### INPUT DATA ###

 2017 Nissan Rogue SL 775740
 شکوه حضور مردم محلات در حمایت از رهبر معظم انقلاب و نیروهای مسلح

###
### INPUT DATA ###

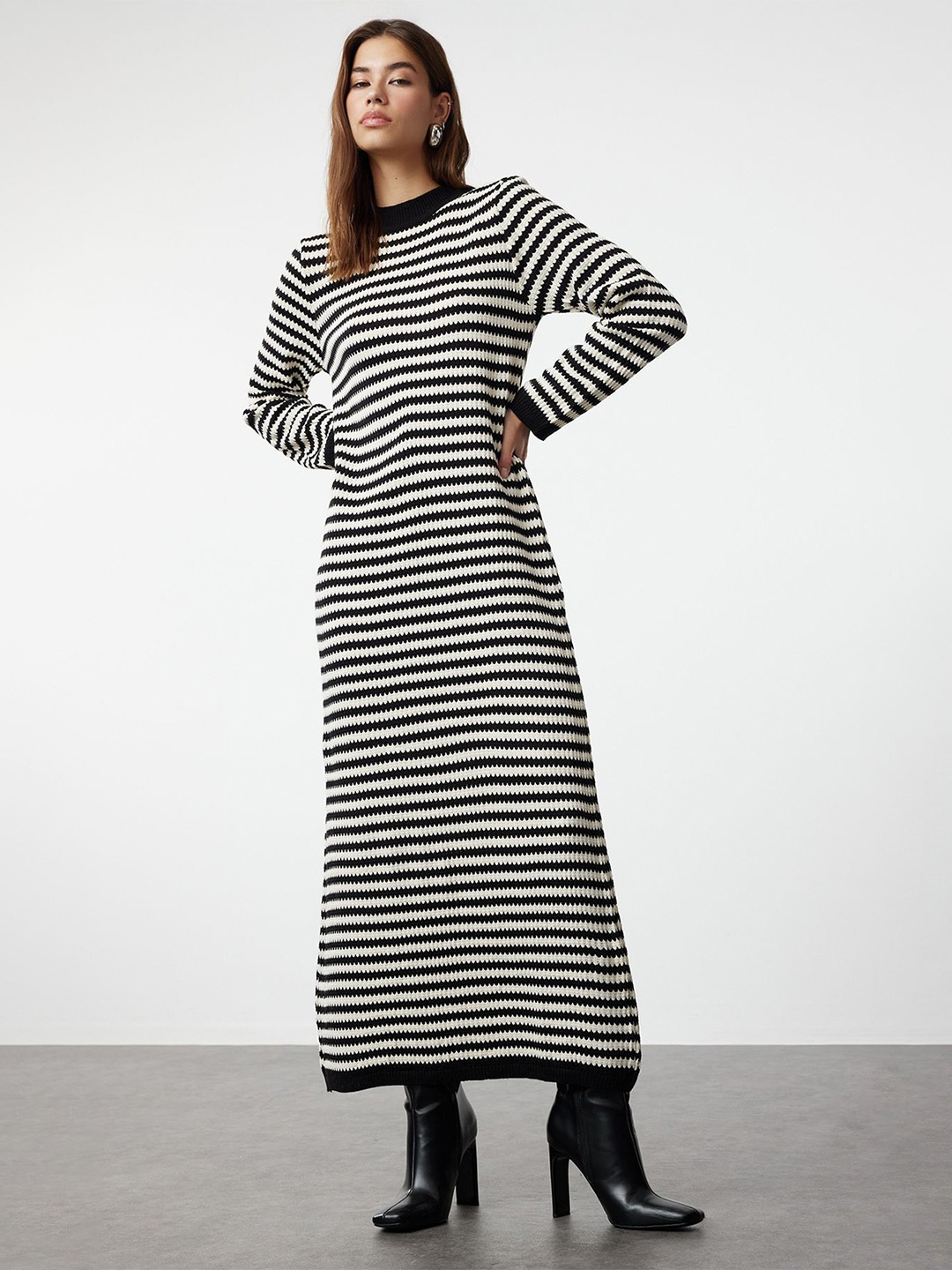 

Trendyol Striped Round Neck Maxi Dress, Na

###

**WHAT NEEDS TO BE DONE**.
Only one stretch of the data above is needed. Restate it word for word, from the line containing "2017 Nissan Rogue SL 775740" through the line containing "شکوه حضور مردم", both ends included.

**ANSWER SECTION**.
 2017 Nissan Rogue SL 775740
 شکوه حضور مردم محلات در حمایت از رهبر معظم انقلاب و نیروهای مسلح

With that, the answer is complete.